So much stuff, so many photos, hours of videos to paste in here . . . I'm sorry, but it's going to have too be random until I can somehow make sense of it all. I WILL post it all, together with what we did, but now the DOING of it takes longer than the time to POST ABOUT THE DOING OF IT, which, as you can appreciate, is annoying to say the least,

Ferchrissakes, let me leave you with this, at least, with NO EXPLANATION

Friday, July 26, 2013

Tai-chan's Birthday

Well, it's not really until August 7th, but I will be four days gone by then. The idiocy of my not having planned to stay till at least his birthday is far beyond me.

But we had a great time. Everyone was invited -- typically, no one came. They all seem determined to dissociate themselves from Tai-chan and my relationship as much as possible, as if by not paying attention to it, it somehow won't exist. They are mightily misinformed if that is their delusion.
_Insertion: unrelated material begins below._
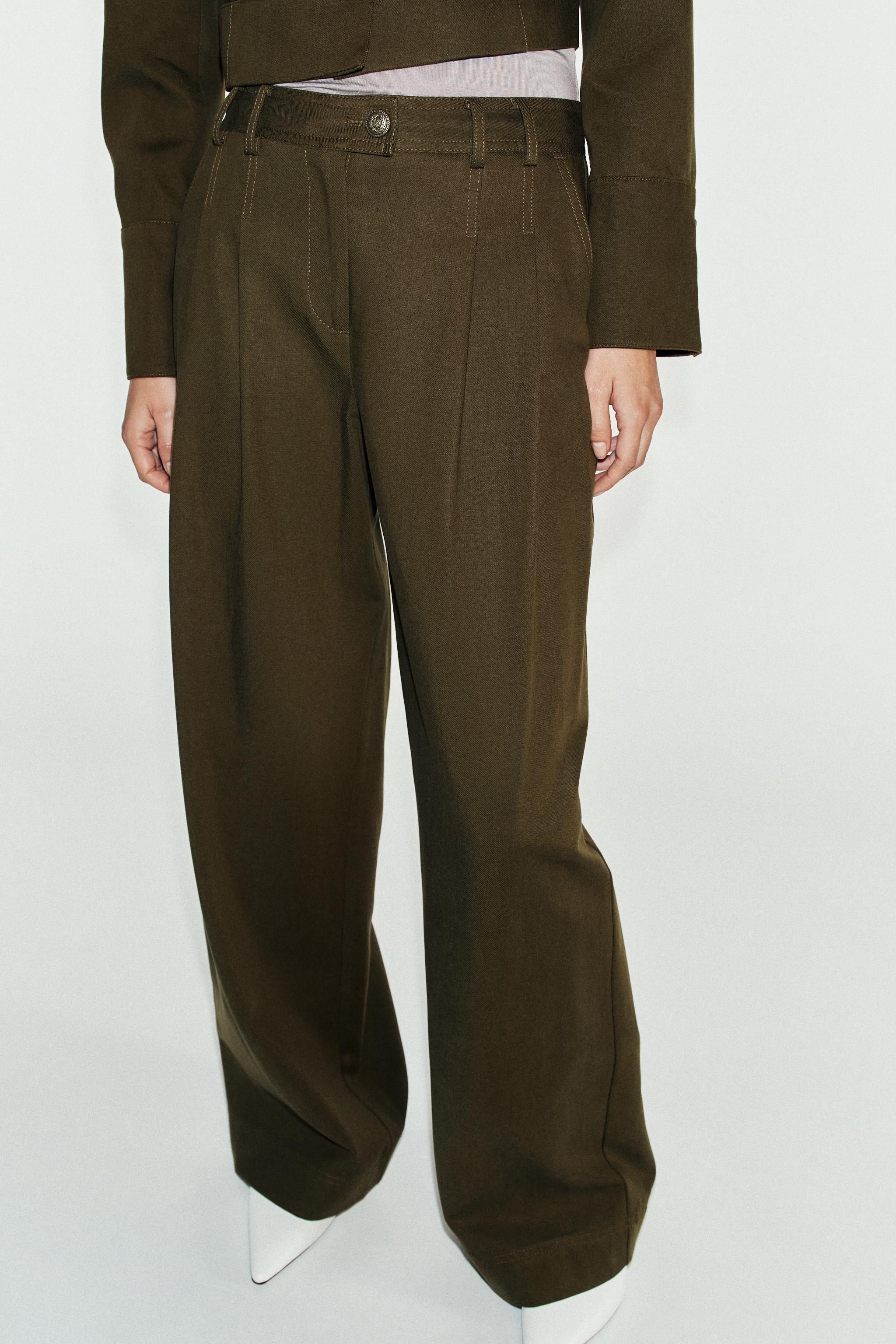 WIDE-LEG PLEATED PANTS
Perhaps now you can get a sense of my extreme anger . . . a deep simmering that never completely goes away and spans my every waking moment, even while I'm in Montreal. The feeling that an injustice is being done -- which is the case -- and continues to be done, causing irrevocable harm to both Tai-chan and me, but even worse harm to the perpetrators, upon whose deathbeds there will be much for them to regret. Too bad any smidgeon of forgiveness won't be forthcoming from anywhere near me -- they will have to go meet their makers totally on their own with no one to follow them, reassuring forgivenesses in hand.

Anyway, we chose to go have an Indian dinner at the Nepalese place next door. Unfortunately, they only take cash, so the ¥4,800 cleaned me out. It's going to have to be credit from here on in.

First, our dinner:
Our naan plate -- with Tai-chan's curry and vegetarian bhaji

Tai-chan is getting great at portraits

He always manages to look like an angel, even in a simple T-shirt

Our tandoori chicken; authentic in every way. Too bad the rice was Japanese.
The dinner was great. We were the only customers. I had a fantastic, super-spicy chicken Madras, but alas, we could take nothing home. We had to leave practically half the meal. What a tragedy!
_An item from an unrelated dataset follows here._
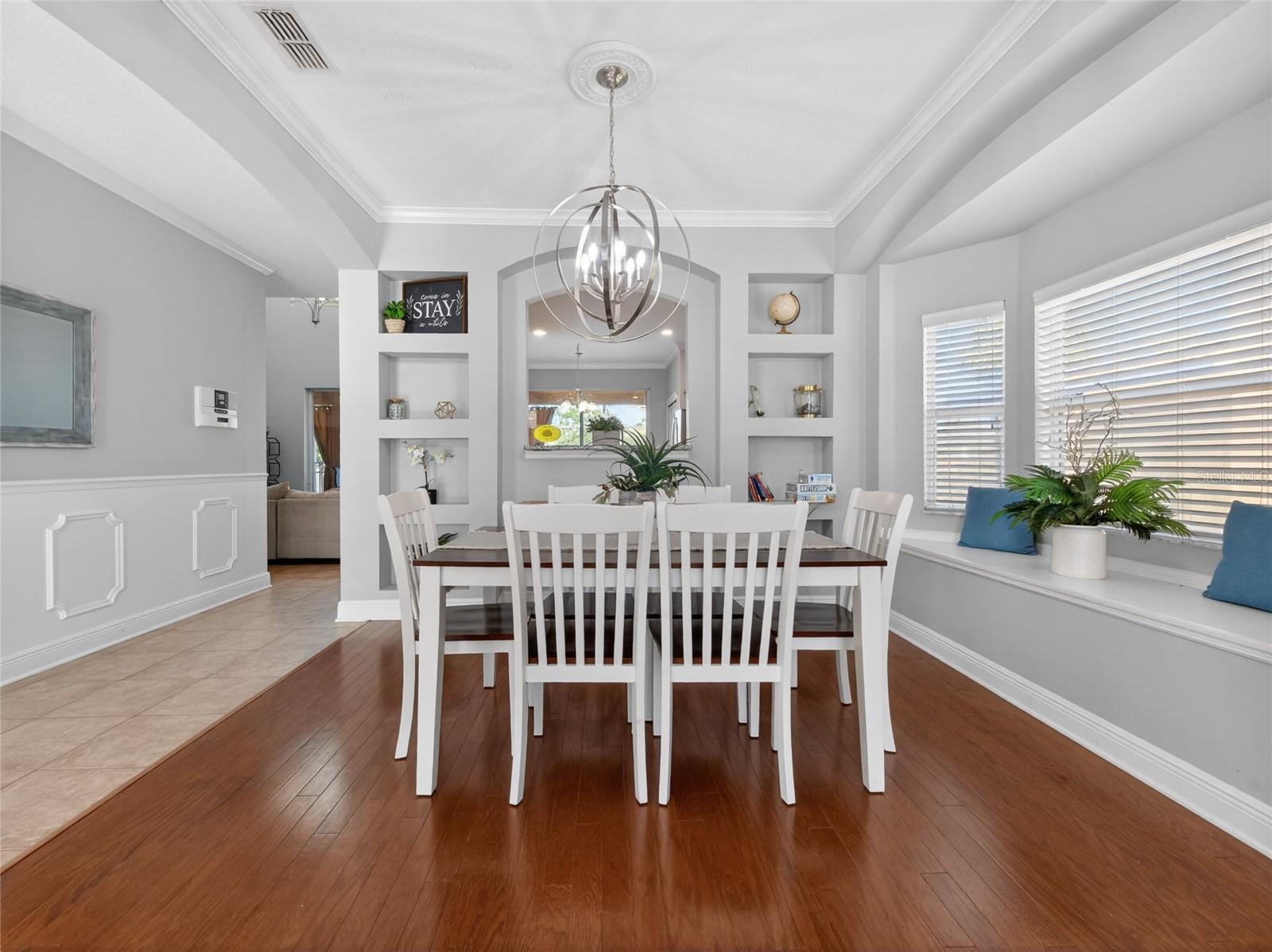 Image 7 of 51 For 242 Solana Circle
But we came home to our Sourire d'Anges cake . . .


Now is that a sculpture in cakery, or WHAT?
It's really too bad everyone chose to stay away. I guess it's going to be like this for the rest of our lives. So be it!

Thursday, July 25, 2013

Friday July 26

2:30 p.m., Mellow Café

I actually was planning on going nowhere today. Last night something a bit frightening happened -- I was awoken at 2 or so with a terrific pain right beneath my breastbone -- like a bluntishly pointed object was pressing against it from within . . . and no matter which way I tried to turn, the pain remained or got worse. It was the kind of pain you can't just ignore and turn over and try to get back to sleep . . . very disturbing.
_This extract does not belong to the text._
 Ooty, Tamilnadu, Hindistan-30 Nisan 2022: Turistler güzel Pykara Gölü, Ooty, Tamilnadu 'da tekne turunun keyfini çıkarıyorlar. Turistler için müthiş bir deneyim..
It had only happened a couple of times before and what I remember from those times was that I had been drinking Kahlua in somewhat large quantities on those evenings. Well, last night there was no Kahlua, but I did eat two insanely chocolatey cakes from that cake place we go to, Sourire d'Anges. Together they must have amounted to about 100 grams of fat or more, so I'm wondering if my pancreas just went into horror mode. That's all I can think of.

For some reason I've been eating far more since I've been here than ever in Montreal. In Montreal, I will go whole days in which I have no appetite at all; indeed, while Brigitte was gone, on at least two occasions I was so un-hungry that I resorted to drinking those meal-replacement things they give to people who either can't eat solid food or have no appetite.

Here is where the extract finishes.